Ultra présent dans le deal, Petit Boubé « (…) avait retiré lui‐même des chèques pour un montant global de 565.500.000 de francs CFA », indique le journal.
Ensuite, « plusieurs transferts ont été émis vers l’étranger soit disant pour l’exécution du contrat classé «Secret défense ». Pour justifier ces opérations, Hima avait déclaré que les fonds seraient destinés au dédouanement des conteneurs pour le compte du ministère de l’Environnement. Vérification faite par la Centif, ces déclarations étaient fausses. Et curieusement, les opérations avaient été réalisés après quePetit Boubé, qui prétendait «préfinancer» le marché d’armement, avait reçu une «avance» de 34 milliards de Fcfa. »
En juin 2023, Aboubacar Hima, en séjour à Dakar, s’était défendu dans les colonnes de Jeune Afrique contre les accusations de corruption et de surfacturation portées contre lui. « Le contrat court sur cinq ans, sans avance de l’Etat (du Sénégal) au démarrage. Qui va accepter cela, attendre des années pour être payé, à part moi ? On parle de surfacturation, mais que fait-on des risques, des intérêts bancaires à payer, etc. », s’était-il interrogé.

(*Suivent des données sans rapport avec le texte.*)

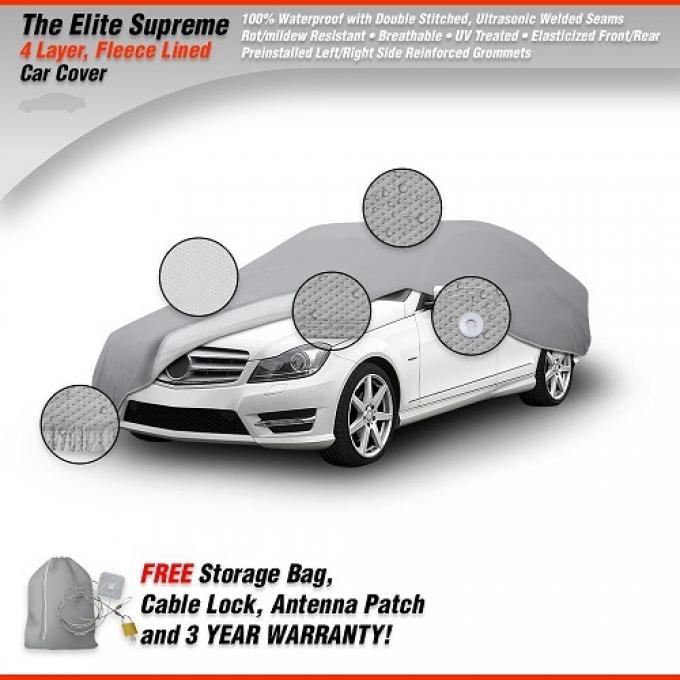 Elite Supreme™ Fleece Lined Car Cover, Gray (Size 1), fits Cars up to 160" or 13'
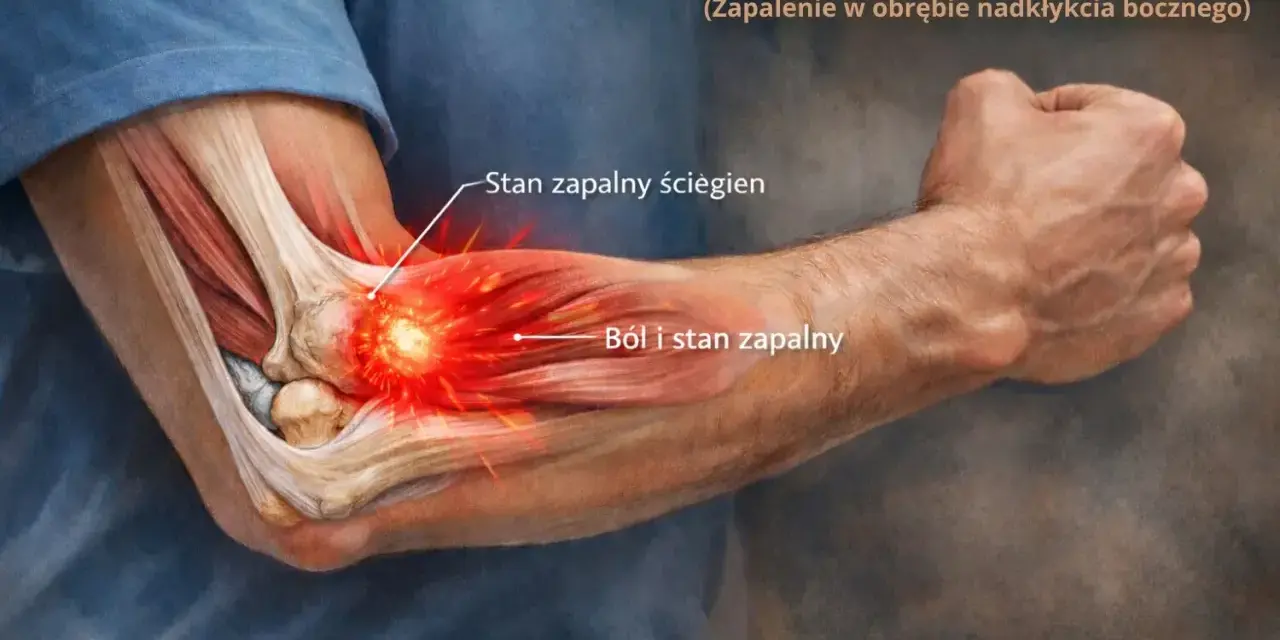 Ból łokcia po zewnętrznej stronie, zapalenie ścięgien i stan zapalny w obrębie nadkłykcia bocznego.
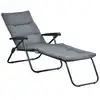 Image de Bain de soleil pliable transat inclinable 6 positions grand confort avec matelas + accoudoirs acier polyester gris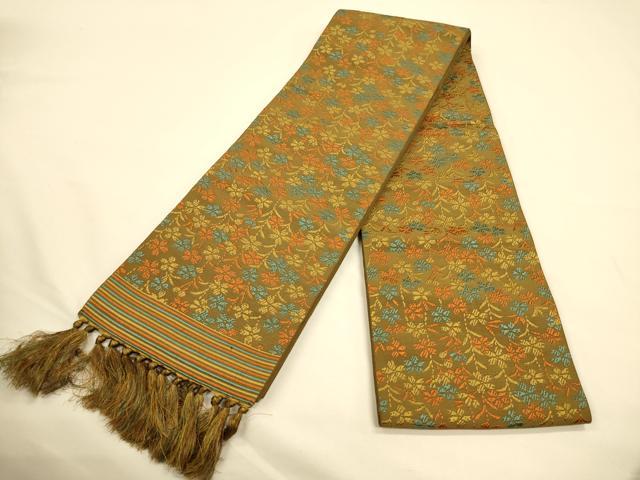 平和屋着物●本場筑前博多織　半幅帯　草花文　正絹　逸品　CABK6245ak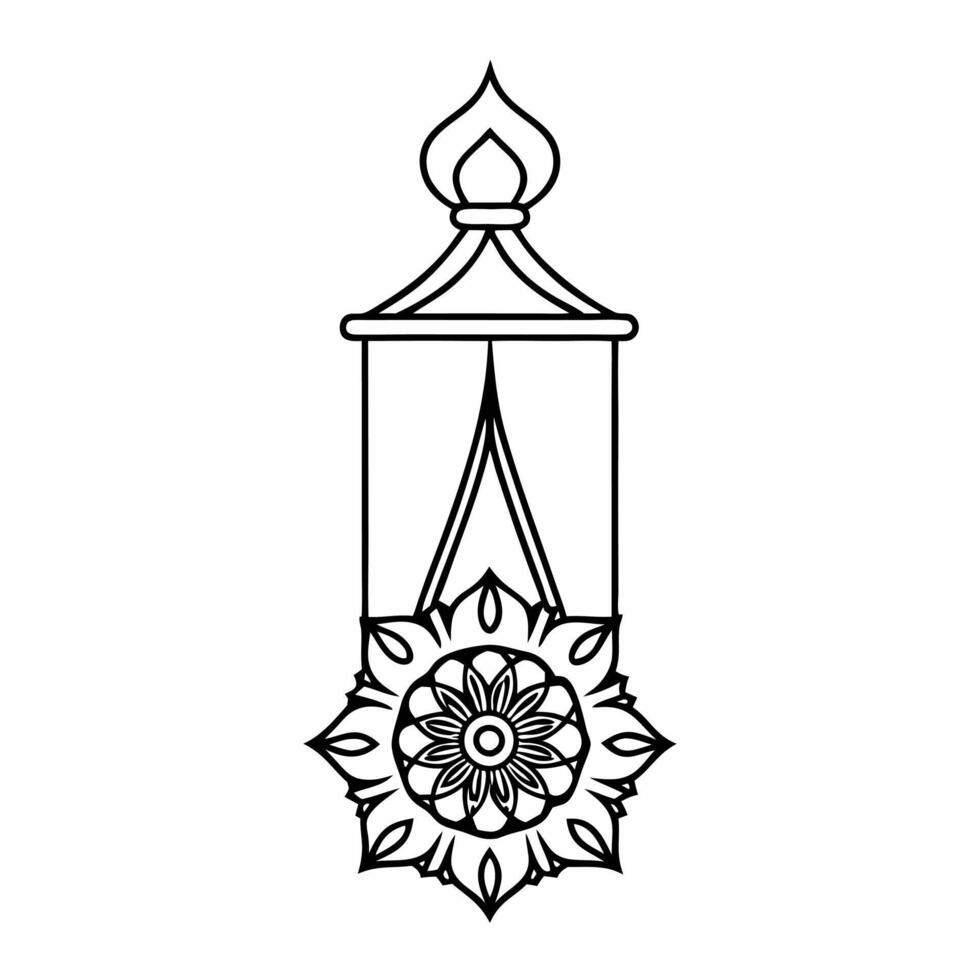 Diwali lantern and diya with floating mandala patterns isolated on white background Clean vector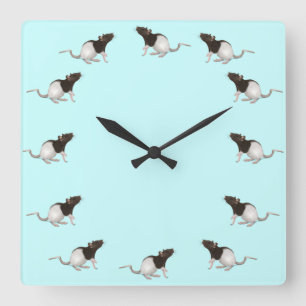 Reloj Cuadrado Pintura de rata mascota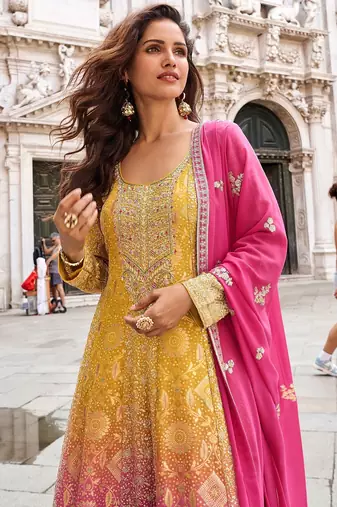 Mustard jacquard sequins work semi stitched salwar suits suits size up to 42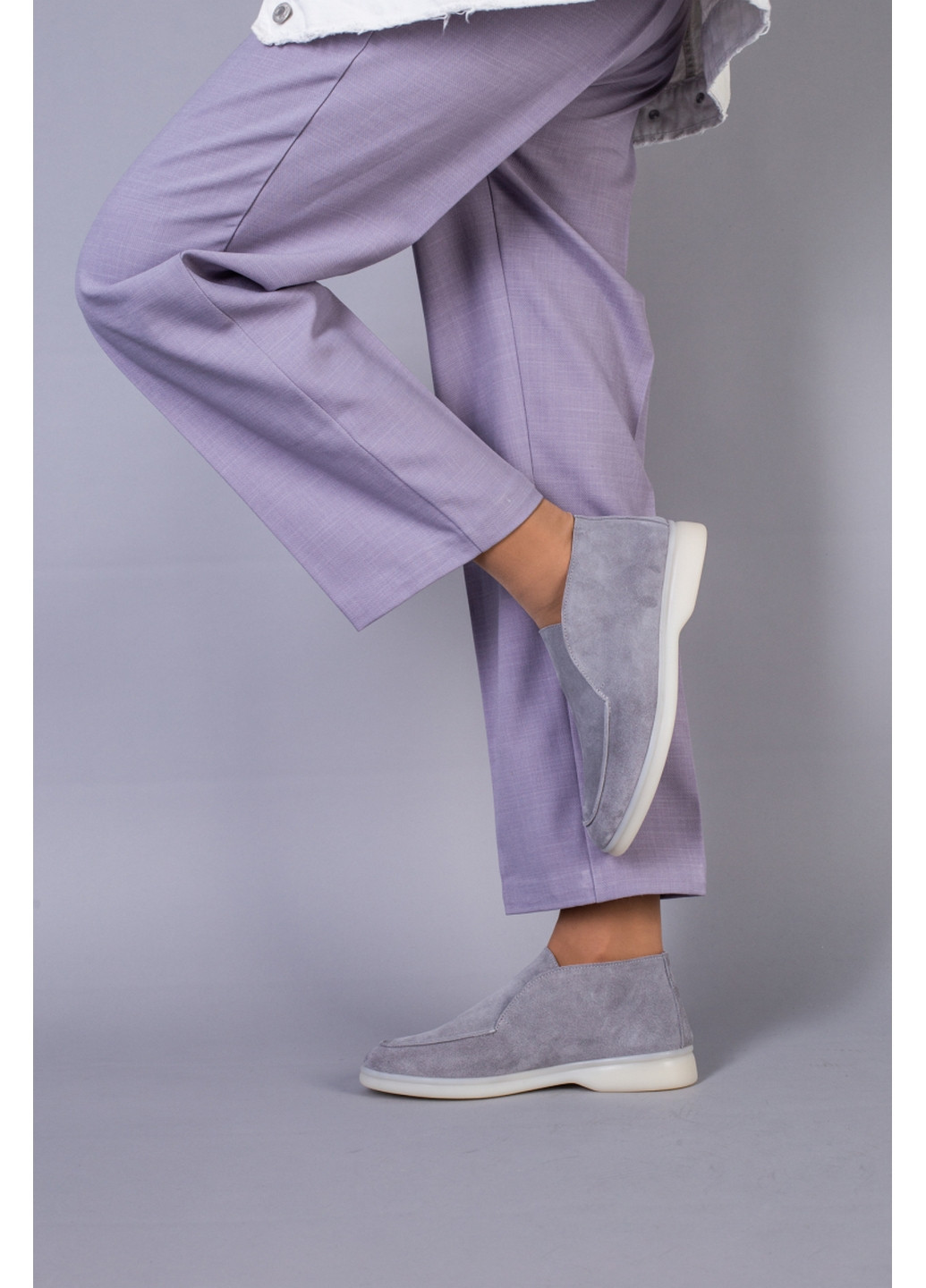 VZUTIK Замшевые женские лоферы серый з натуральная кожа, украина — (276981218)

En conseil des ministres du 29 mai 2024, le premier ministre Ousmane Sonko avait souligné « l’urgence de procéder à l’audit des ressources financières importantes mises en place par l’Etat pour la montée en puissance de la Direction des Eaux et Forêts, Chasses et Conservation des Sols (DEFCCS), en particulier celles destinées à la fourniture d’équipements de sécurité, de véhicules d’intervention et de matériels techniques. »
Classé « secret défense », le contrat avait été signé par deux officiels du gouvernement sénégalais en 2022 : Abdou Karim Sall, ministre de l’Environnement et du Développement durable (MEDD) et Abdoulaye Daouda Diallo, ministre des Finances et du Budget (MFB), tous deux très proches de l’ancien président Macky Sall.
Officiellement, le stock d’armement devait être constitué d’armes (fusils d’assaut, pistolets semi-automatiques, etc.) et de munitions diverses pour les agents servant dans le giron de l’environnement et confrontés à des groupes criminels divers…
FinCEN FILES - Malversations au ministère nigérien de la Défense : 71,8 milliards FCFA captés par des seigneurs du faux (par Moussa AKSAR)
Au Niger, Aboubacar Hima est également cité dans une enquête retentissante réalisée en 2021 par le journaliste d'investigation Moussa Aksar. Dans les résultats de ses recherches, notre confrère fait état de nombreuses malversations dans un marché d’achat d’armes du ministère nigérien de la Défense et portant sur la bagatelle de plus 71 milliards de francs CFA. Après la publication de l’article, Aksar a reçu plusieurs messages de menaces de mort lus par IMPACT.SN. Aucune suite n’a été donnée aux plaintes qu’il a déposées au tribunal de Niamey contre Petit Boubé qu’il considère comme l’auteur de ces menaces.